For all my blog readers who are longing to experience some nervous anxiety that is not their own, today is your day. Our Miss Barrett has been thrown into a nervous state by the proposition that she meet Browning's sister and feels compelled to explain to Browning why she cannot see her:

"You understand, dearest beloved, all I could mean about your sister’s coming here. Both I was afraid of not being liked enough .. which was one reason, & none the less reasonable because of your being ‘infatuated’ .. (oh, that is precisely the word to use, & indeed I never falter to myself in the applying of it!)—and I felt it to be impossible for me to receive so near a relative of yours, your own only sister, as I should another & a stranger. There would be the need in me of being affectionate to your sister! how could I not? & yet, how could I? Everything is at once too near & too far—it is enough to make me tremble to think of it—it did, when Mr Kenyon made his proposition. I would rather, ten times over, receive Queen Victoria & all her court––do you understand? can you misunderstand? can you pretend to fancy, as you talked yesterday, that the reluctance came from my having ‘too many visitors,’ or from any of those common causes. Why, she is your sister—& that was the cause of the reluctance. You will not dare to turn it into a wrong against yourself."

I must confess, dear blogoleers, that I feel a great affinity with Miss Barrett. I understand her shyness. But what gives me pause here is her reasoning. Her normally well thought out argumentation escapes her here. She believes that because Browning is infatuated with her that he has over sold her to his sister; that makes sense. However, her exclamation! that she would have to be affectionate to his sister does not seem rational. Why couldn't she just be cordial and if they got on that would be wonderful and if they didn't they could just continue to be cordial. If Browning's sister did not like Miss Barrett she probably wouldn't come back. There is the possibility that his sister could attempt to talk Browning out of the infatuation, but that doesn't seem to be part of Miss Barrett's calculation. But what else is going on in Miss Barrett's brain today?

"Now I am going to ask you a question, dearest of mine, & you will consider it carefully & examine your own wishes in respect to it, before I have any answer.

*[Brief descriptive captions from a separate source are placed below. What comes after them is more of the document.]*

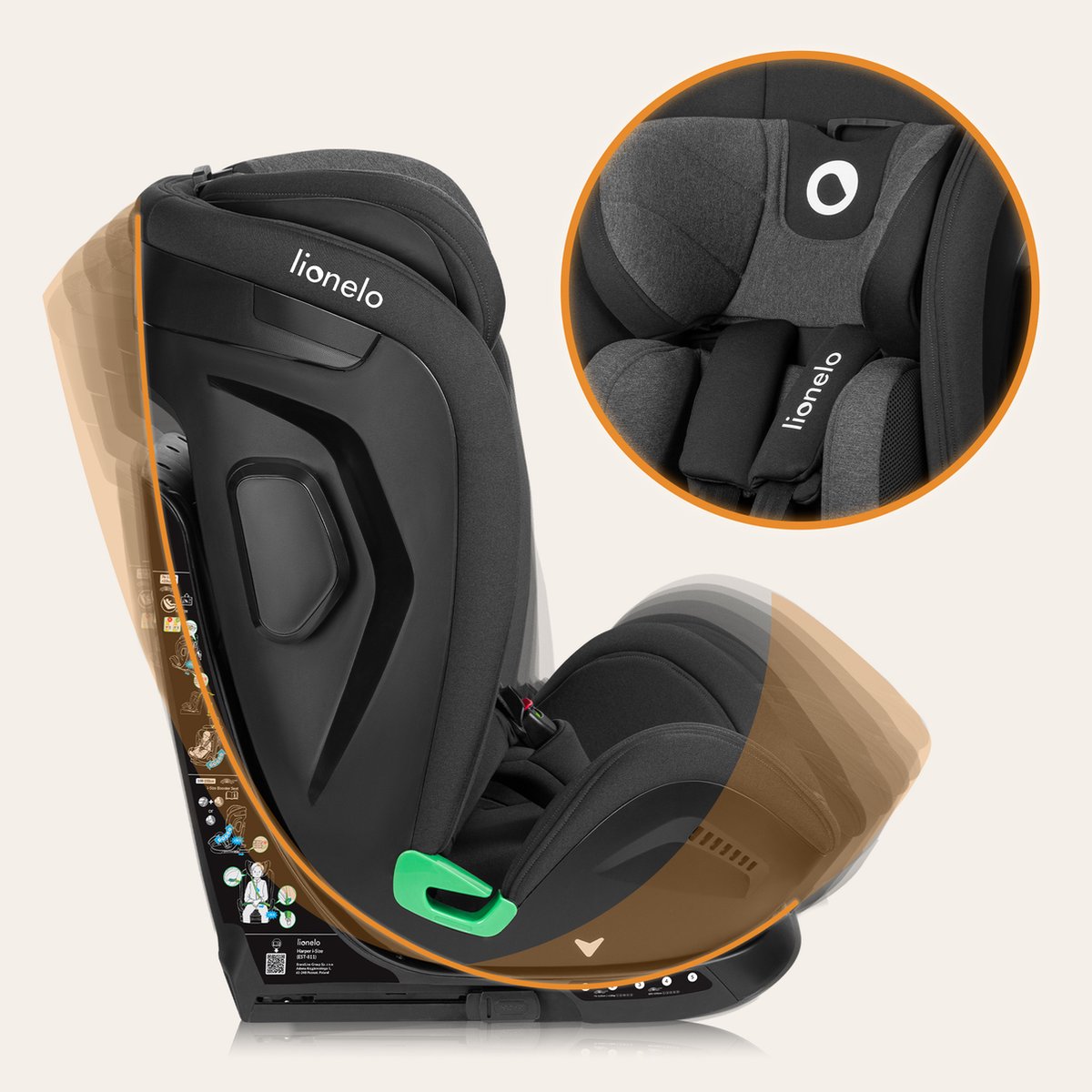 Wat vinden we goed aan de Lionelo Harper i-Size Autostoel 9-36 kg ISOFIX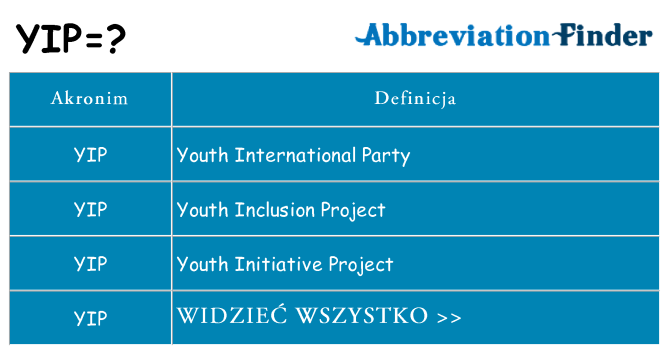Co yip oznaczać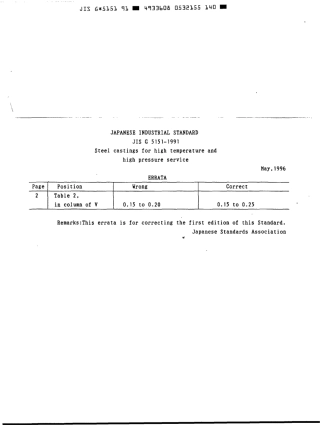 JIS G 5151-1991 errata 1996.pdf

In fact it is not necessary to treat of the subject of it at all at this moment—we have a great deal of time before us. Still, I want to know whether, upon reflection, you see it to be wiser & better for me to go to Italy with Miss Bayley, or with any other person who may be willing to take me, (supposing I should find such a plan possible) & that you should follow with Mr Chorley or alone, .. leaving other thoughts for another year. Or if I find this scheme as far as I am concerned, impossible, shall we gain anything, do you think, on any side of the question that you can see, by remaining quietly as we are, you at New Cross, & I here, until next year’s summer or autumn? Shall we be wiser, more prudent, for any reason, or in any degree, by such a delay—?
It is the question I ask you—it is no proposal of mine, understand—nor shall I tell you my own impression about it– I have told you that I would do as you should decide, & I will do that & no other. Only on that very account it is the more necessary that you should decide well, & according to the best lights of your own judgement & reason–"

Okay, now I think I understand the reasoning here. She is trying to give him a path out. In part one of the letter she tells him that she is too nervous to meet his sister. She realizes that this might be a problem for  him (I have to think that he could have talked her into it) and so gives him a way of saying: 'Well, she is a mess. I should try to find another genius poet and drop her because, for pity's sake, she is scared of my sister.'

She writes again later in the day, more chatty.  She seems to have gotten over her nervous mood but does mention her inquiry:

"You will not mistake what I said to you this morning my own beloved—you will not?– My promise to you was to place the decision in your hands—& my desire is simply that you should decide according to your judgement & understanding .. I do not say, your affections, this time. Now it has struck me that you have a sort of instinct .. But no—I shall not write on that subject tonight..."

She ends her evening letter with a teazing taunt and then thinks better of it:

"But will you explain to me some day why you are sorry for Italy having been mentioned between us, & why you would rather prefer Nova Zembla? So as to kill me the faster, is it?
Your Ælian says that the oldest painters used to write under a tree, when they painted one, ‘This is a tree’. So I must do, I suddenly remember, under my jests .. I being, it would appear, as bad an artist in jesting, as they were in painting. Therefore .. see the last line of the last paragraph .. ‘This is a jest.’"

Another test of Browning's nerve. How will he respond to her gentle inquiry, her feeler into his thoughts?